As far as their “pillars” go, other than the one I think their amendments are fair… but I think an even bigger issue isn’t really broached in that discussion, and that is access to the MLS database itself. They had a battle similar to this in the US back in ’05/’06… the Justice Department went after the NAR and won. Since then innovation has really taken hold and even with their real estate market collapsing after the bubble of their own, innovation has still revolutionized the offerings (eg. Zillow) to the consumer. In just four years, they’re now lightyears ahead of we Canadians.
That’s not to say this is a cut and dry case though. After all, this is their database. They’ve spend a lot of time and money developing and maintaining it, and within that should have the right to govern it’s use as they please. The problem though, is that in this case they could ultimately fall victim to their own success, or more specifically, that of the multiple listing service. As 90% of all transactions go through it, they have established themselves as a de facto monopoly… and when that happens, the rules change. Particularly when such a large population is effected, and such large sums of money are involved.
Arguments along those lines would be interesting to hear… on the other hand, many of the arguments trotted out by agents publicly though seem to vary from the laughable to the completely absurd. One of the most common talking points seems to surround skill and professionalism… which is really quite ridiculous.
This is an issue of database access, and to get access to that database the requirements have nothing to do with the aforementioned qualities. Taking a couple classes, passing a test and writing a cheque does not a professional make (in fact, from what I’ve read it’s little different than what it takes to sell insurance door-to-door, which BTW, are pretty much pyramid schemes if you ever wondered).
That’s not to say there aren’t ones that are great at what they do… just that the entry requirements does nothing to separate the competent from those that can’t find their ass with both hands and a compass. As opposed to say actual professions, like doctors, lawyers or even CA’s where the barriers to entry are vastly greater, and professional associations actually act like professional associations and not glorified lobby groups.

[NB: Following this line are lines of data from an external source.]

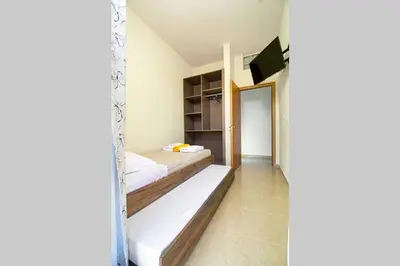 a small room with two beds and a mirror at Mantarini House in Áyios Andónios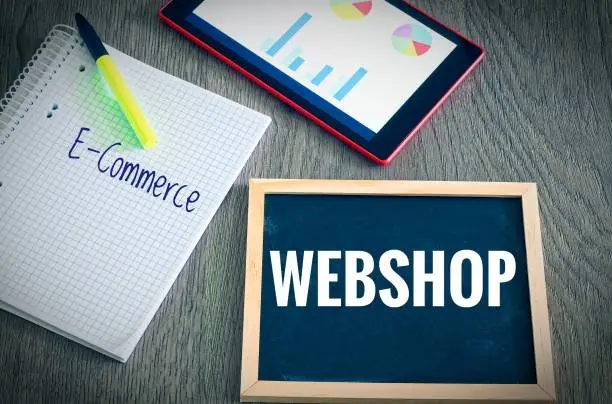 Plate with the inscription Webshop and E-Commerce  with a tablet Graphs and statistics and block to illustrate the increase in sales of an online shop
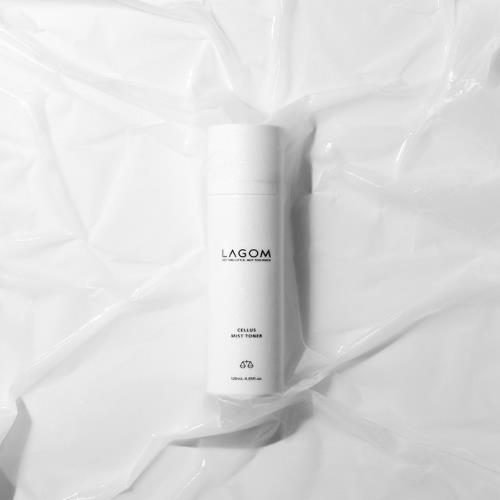 Frosted glass bottle with a silver pump cap featuring PURE Vitamin C Serum 24% 30ml, showcasing a vibrant orange liquid.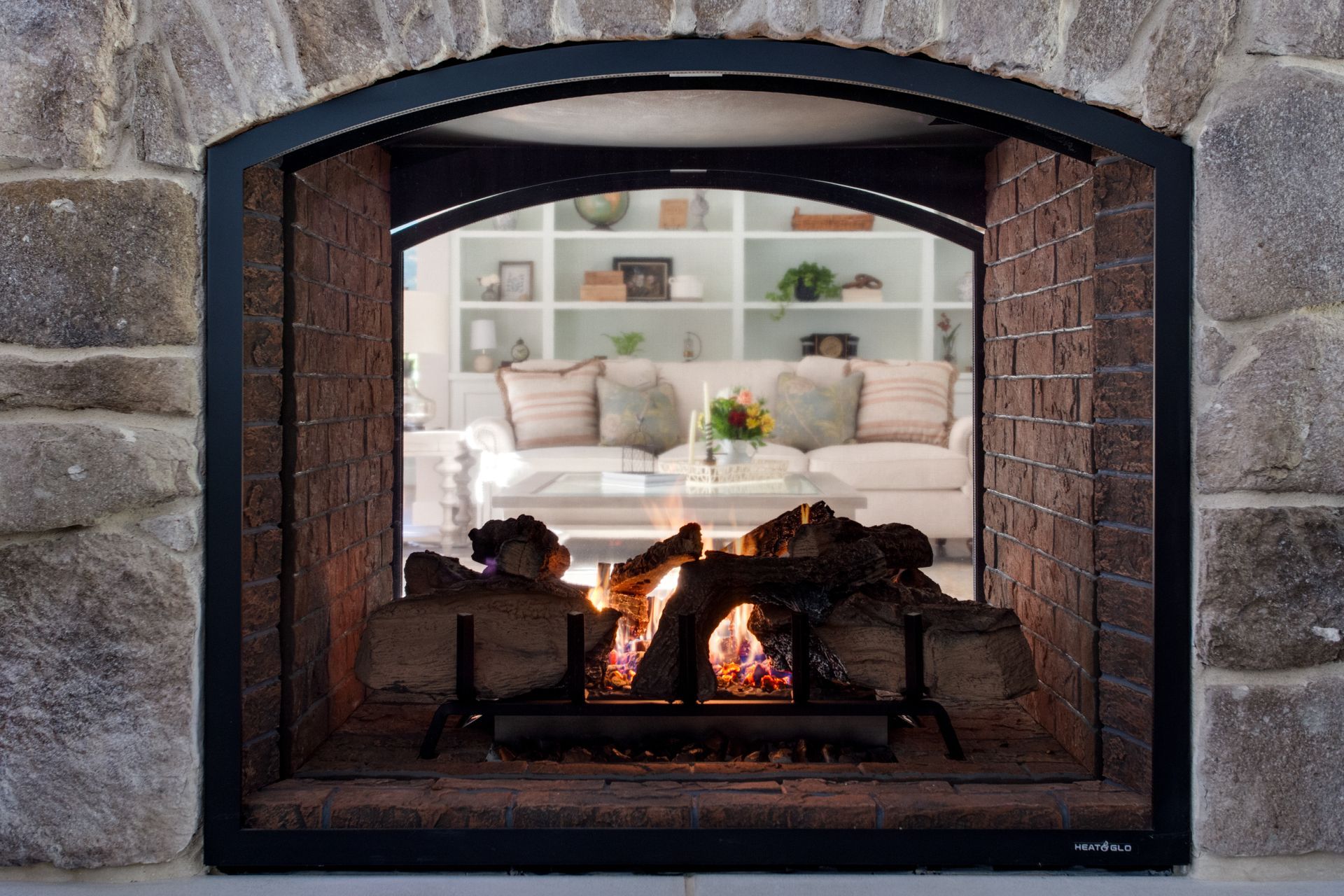 Stone fireplace with a small fire burning in front of a cozy room with a sofa and shelves beyond.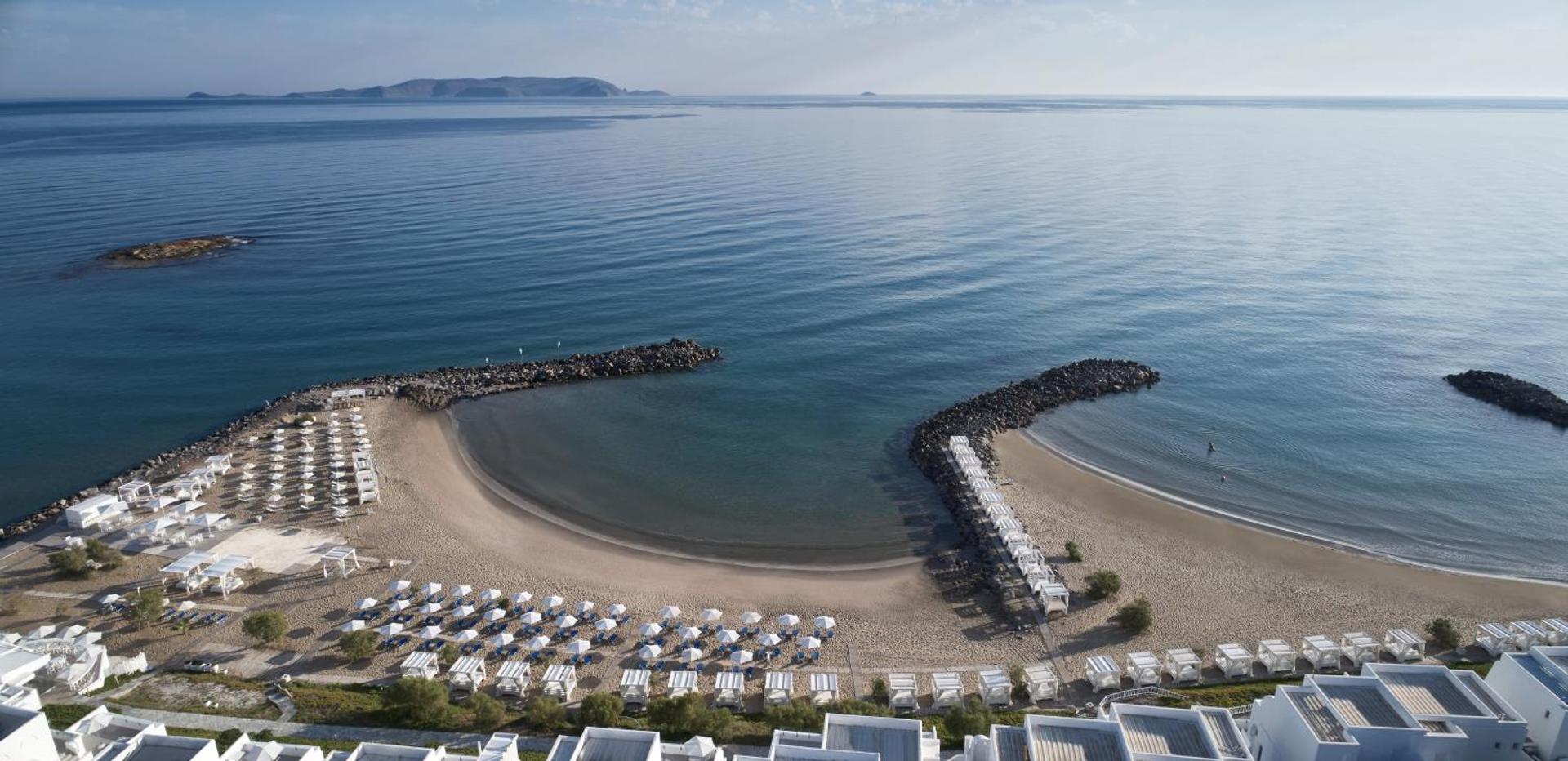Knossos Beach Bungalows Resort panorāmas skats uz privāto smilšu pludmali un līci Krētā ar saulessargiem un atpūtas krēsliem pie jūras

Anyway, enough of that for today. We’ll touch on this again when there are new developments… but for the next couple weeks I’ll have my ass firmly entrenched on the couch watching the Games. I’m an admitted Olympic junkie. I’ve got PVR’s hooked into DVD recorders hooked into old school VCR’s, determined to not to miss a second of it… even sprung to send the girlfriend on a cruise to make sure she wouldn’t be around to hassle me. I’m going to try to keep up with the updates, but if they’re slow coming don’t worry, I’m not dead, just binging on junk food and biathlon!